Nah that about sums it up.


----------



## Damian Necronamous (Jun 10, 2002)

Yeah, my prediction:
Sixers: 97
Lakers: 83


----------



## jazzy1 (Jul 16, 2002)

I think the Lakers come to play and beat the Sixers. Kobe I think bounces back in front of his homies and the lakers get a rare road win. It sounds silly to say that because theses Lakers are probably the best road team in the history of the league but not this year so far.


----------



## Dragnsmke1 (Jul 29, 2002)

> Originally posted by <b>jazzy1</b>!
> I think the Lakers come to play and beat the Sixers. Kobe I think bounces back in front of his homies and the lakers get a rare road win. It sounds silly to say that because theses Lakers are probably the best road team in the history of the league but not this year so far.


EDIT- Don't mock other posters please


----------



## jazzy1 (Jul 16, 2002)

> Originally posted by <b>Dragnsmke1</b>!
> 
> 
> I agree...As a matter of fact I predict the Lakers to win the rest of thier games that way the few times they do win Ill look like a genuise and the times they do lose dont count against my judgement of basketball...
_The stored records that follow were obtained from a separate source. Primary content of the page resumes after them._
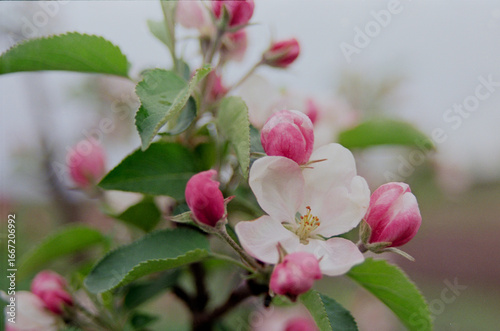 Apple blossoming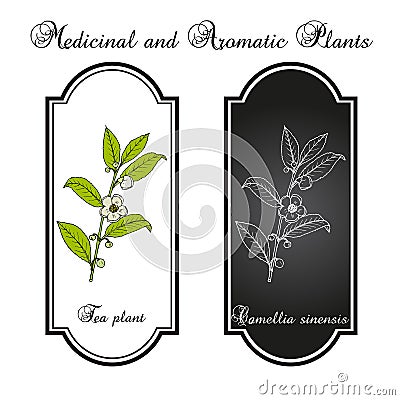 Tea plant Camellia sinensis . Hand drawn vector illustration Vector Illustration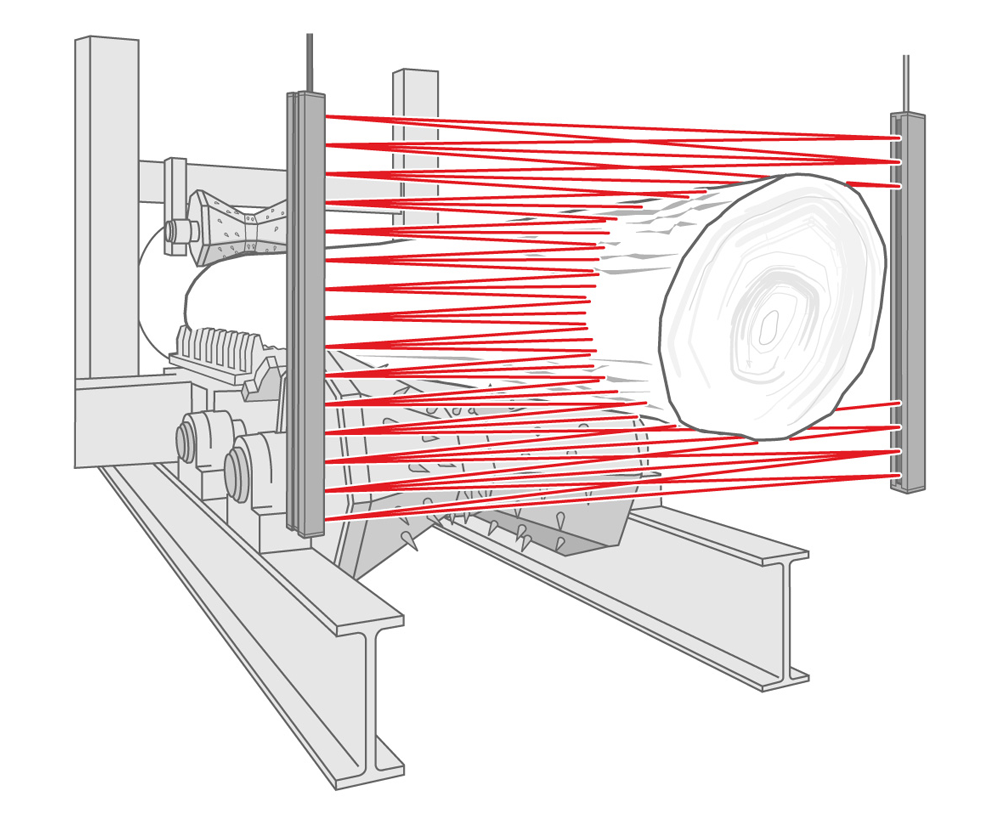 Wood Processing & Automation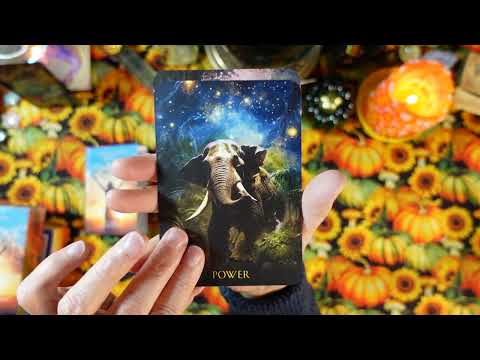 Soul Coaching Oracle Cards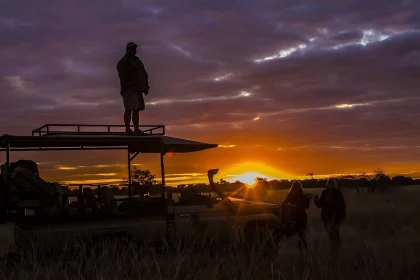 Night Game Drive| Serengeti National Park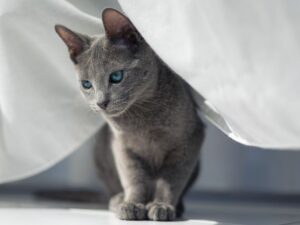 購買藍貓前必看！價格、購買指南、注意事項全攻略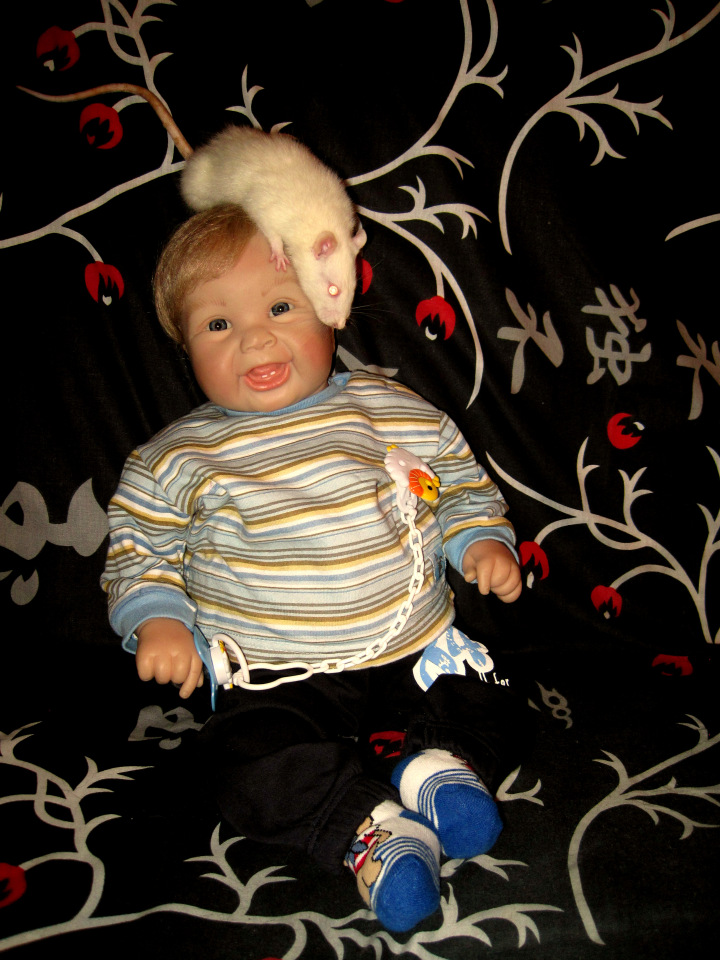 Маш новенький малыш Ванечка. Коллекционная кукла Tinneke Steensens | Бэйбики Маш новенький малыш Ванечка. Коллекционная кукла Tinneke Steensens (фото 10)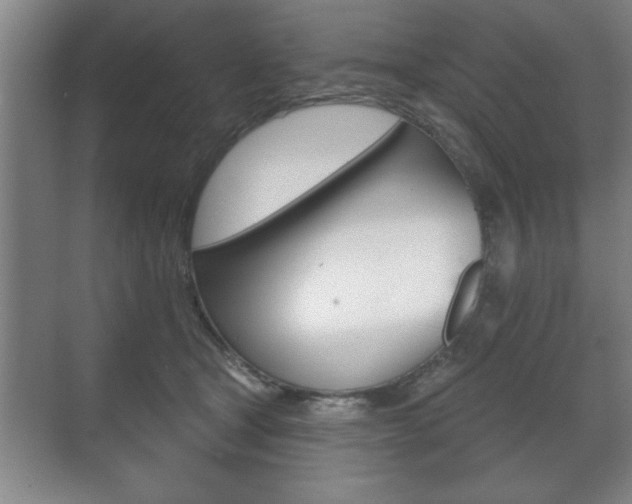 X0000072490465200607140915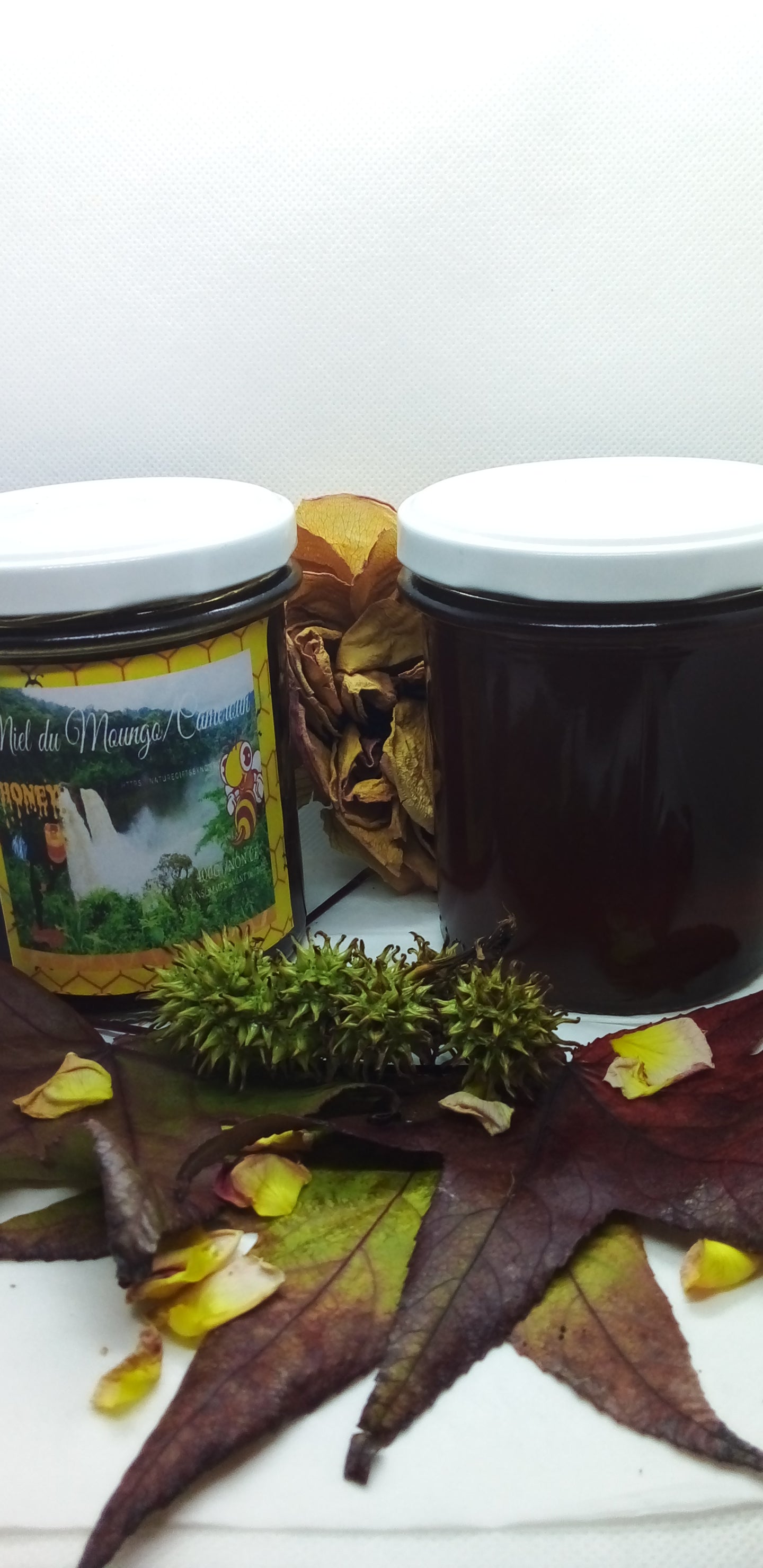 Miel du Moungo (Cameroun)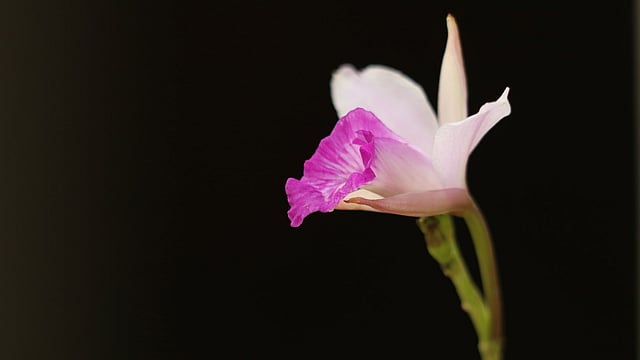 অরুন্ধিনা অর্কিড ফুল।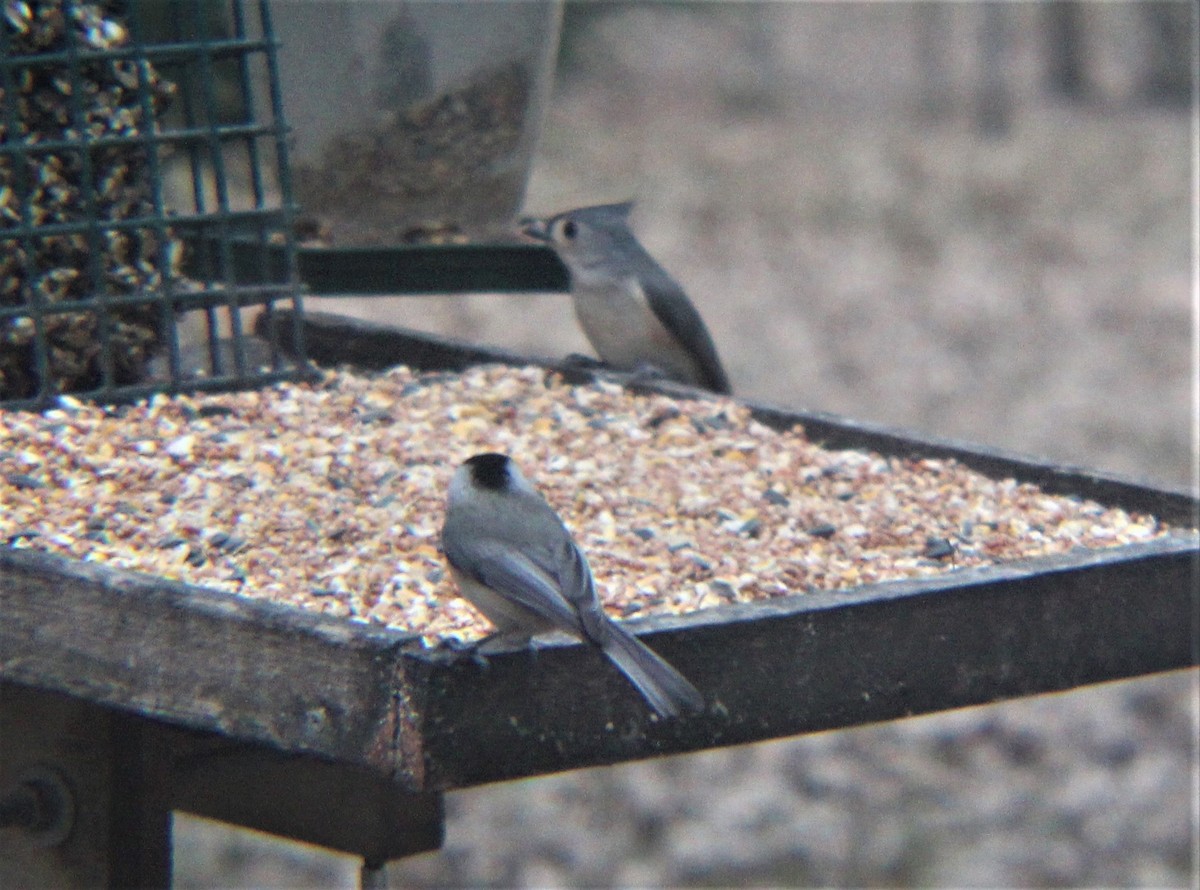 karolinameis - ML647490758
EDIT- Please don't order around other posters or tell them where they can't post- Jemel , I'm a fan don't have to be objective and don't have to be reasonable when it comes to MY favorite team. Next time the Mavs lose we will probably lose you for good. Wait whats that smell oh a front runner who disappears when his team loses therefore failing to live up to his claim that the Mavs were so powerful. Guess you sure told me with all of your basketball wisdom about how the Mavs were gonna beat the Lakers . As you say they dominated the Lakers in their loss as you put it. I can only hope the Nets feel so bad at how they were dominated by the Lakers tonight. Your bball judgment has been EDIT- No insults- Jemel except for the one time which was the whole point of you being here. My badd


----------



## Dragnsmke1 (Jul 29, 2002)

> Originally posted by <b>jazzy1</b>!
> 
> 
> Guess what who cares go home to your Mavs forum, I'm a fan don't have to be objective and don't have to be reasonable when it comes to MY favorite team. Next time the Mavs lose we will probably lose you for good. Wait whats that smell oh a front runner who disappears when his team loses therefore failing to live up to his claim that the Mavs were so powerful. Guess you sure told me with all of your basketball wisdom about how the Mavs were gonna beat the Lakers . As you say they dominated the Lakers in their loss as you put it. I can only hope the Nets feel so bad at how they were dominated by the Lakers tonight. Your bball judgment has been impeccable except for the one time which was the whole point of you being here. My badd


yup yuore right next time Ill save my vacation for after the season.


----------



## Jamel Irief (May 19, 2002)

The Lakers disgust me. I would rather root for the Nuggets, at least they lose because of lack of talent, not effort. Let's see if someone besides George wants to get back on d this game.


----------



## TheRifleman (May 20, 2002)

One thing the 6ers don't have and that is a starting center. But Skinner ( back up PF/C )off of their bench is TOUGH! Iverson always plays with passion, but KVH has the passion of a toad. Snow gives his all, as does McKie.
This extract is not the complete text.